### WORK TO BE COMPLETED
Repeat, word for word and with nothing added, each line from the one containing "Celular moto g15" to the final line of the data, keeping both ends. Pictures are not part of the copy.

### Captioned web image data
--

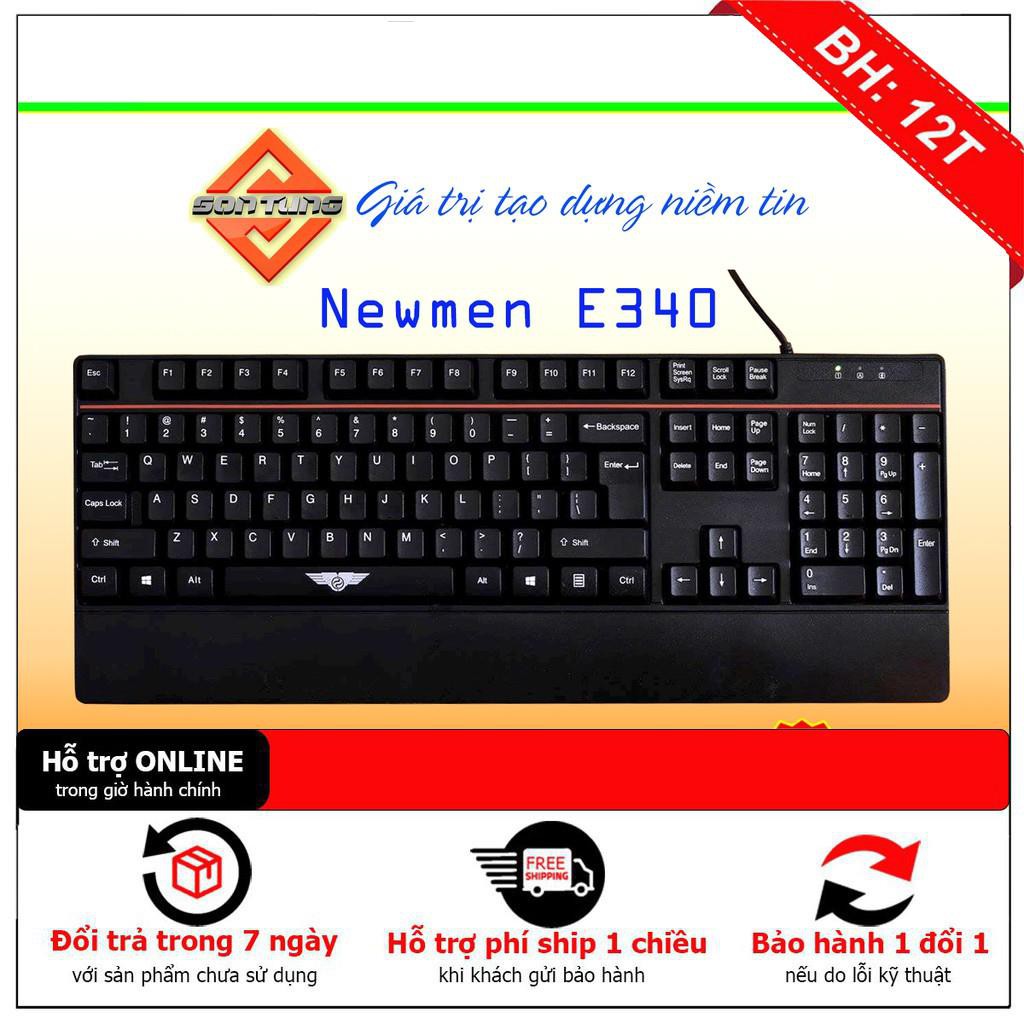 Bàn phím kết nối dây Newmen E340 - chính hãng
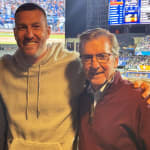 Steve with Pat and Todd 2024 NLCS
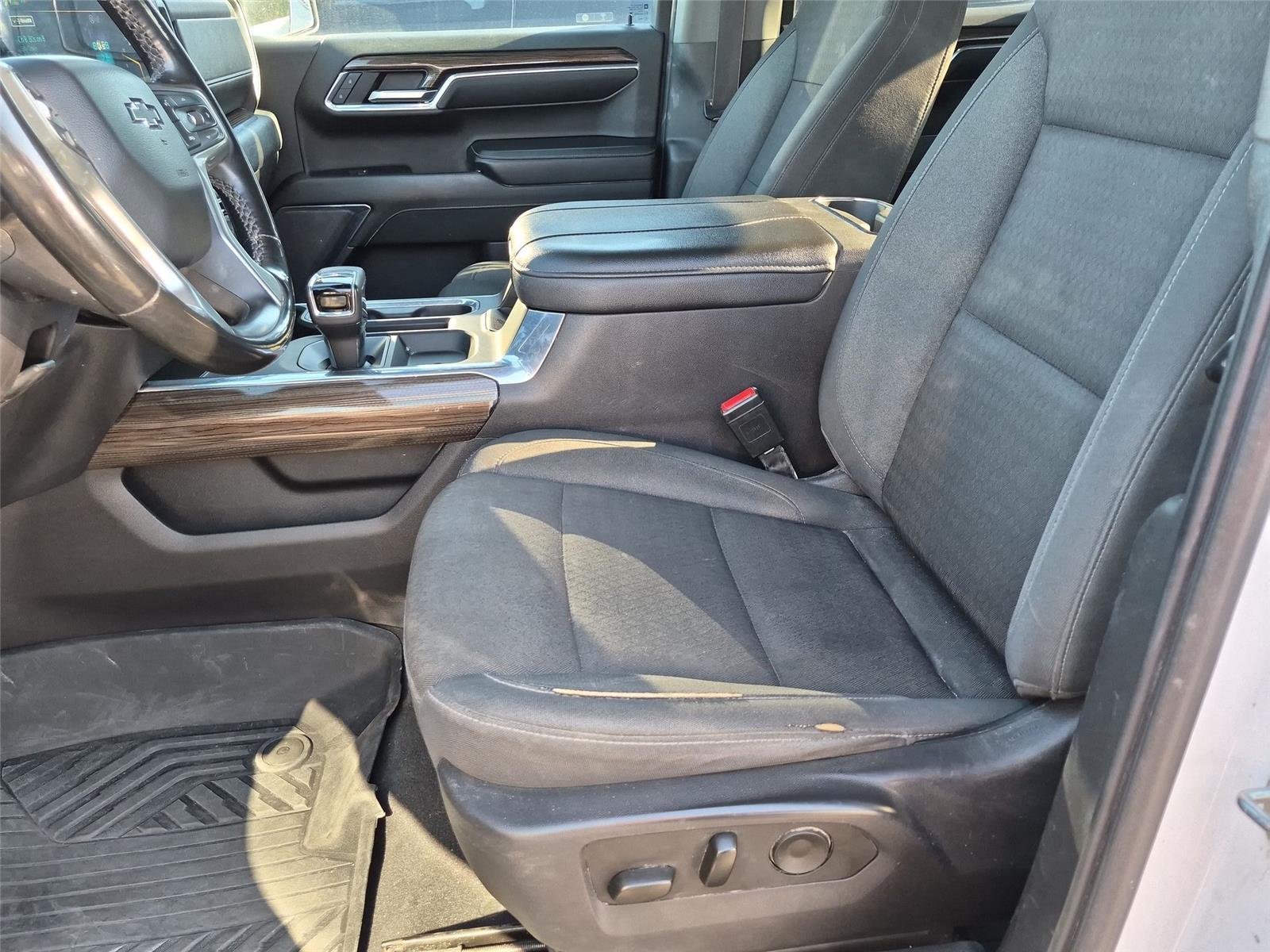 Used 2023 Summit White Chevrolet LT Trail Boss image 17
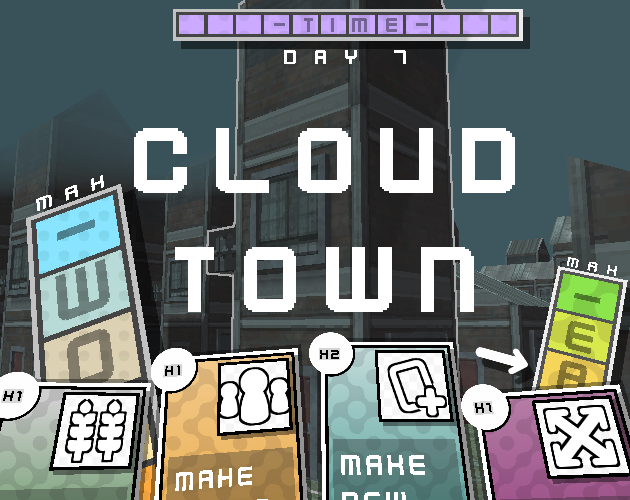 Games like Cloud Town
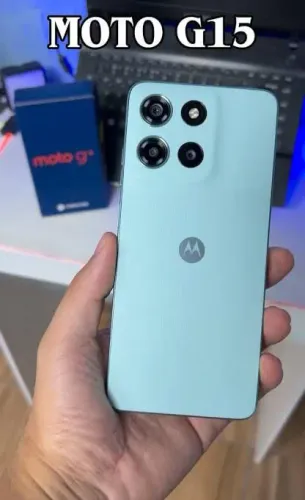 Celular moto g15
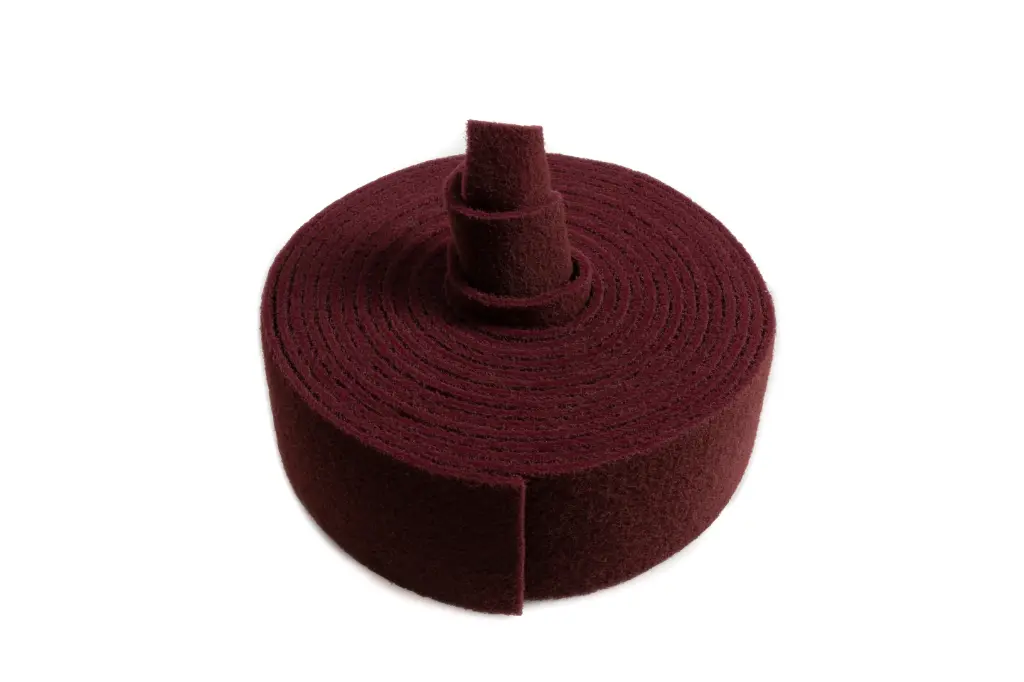 Gerko schuurvlies extra fijn 115mm x 10m rood                                    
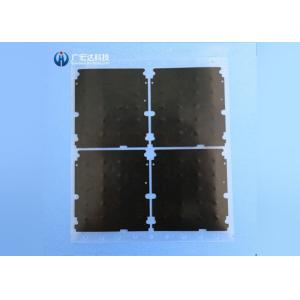 Dustproof Metal Dome Arrays Customized PET Silver Pattern Printing For Bank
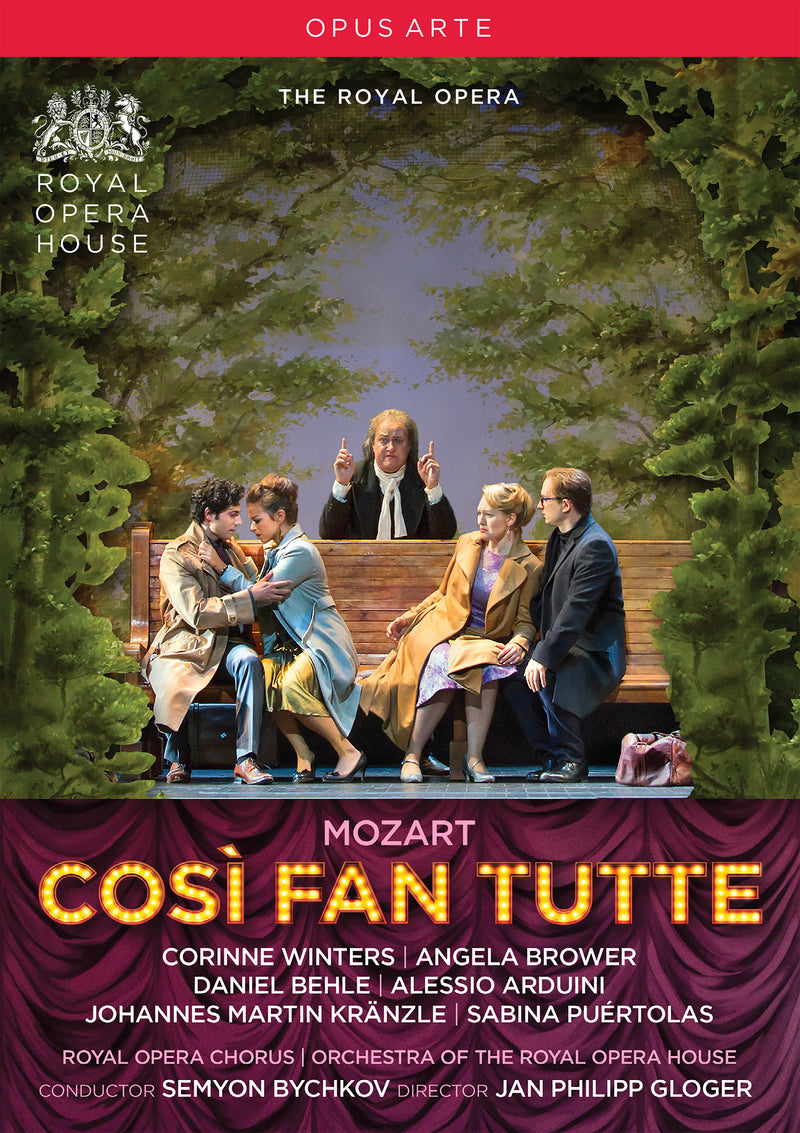 Così Fan Tutte: Royal Opera House (Bychkov)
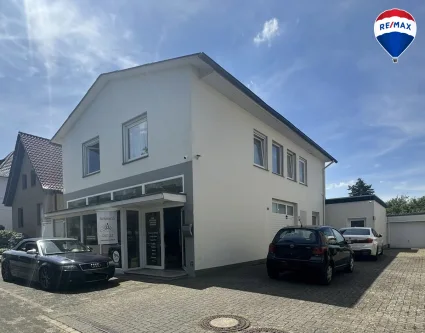 Außenansicht - Haus kaufen in Bünde - Gepflegtes Wohn- und Geschäftshaus in Bünde zu verkaufen!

--

### EXERCISE RESULT
 Celular moto g15
 Gerko schuurvlies extra fijn 115mm x 10m rood                                    
 Dustproof Metal Dome Arrays Customized PET Silver Pattern Printing For Bank
 Così Fan Tutte: Royal Opera House (Bychkov)
 Außenansicht - Haus kaufen in Bünde - Gepflegtes Wohn- und Geschäftshaus in Bünde zu verkaufen!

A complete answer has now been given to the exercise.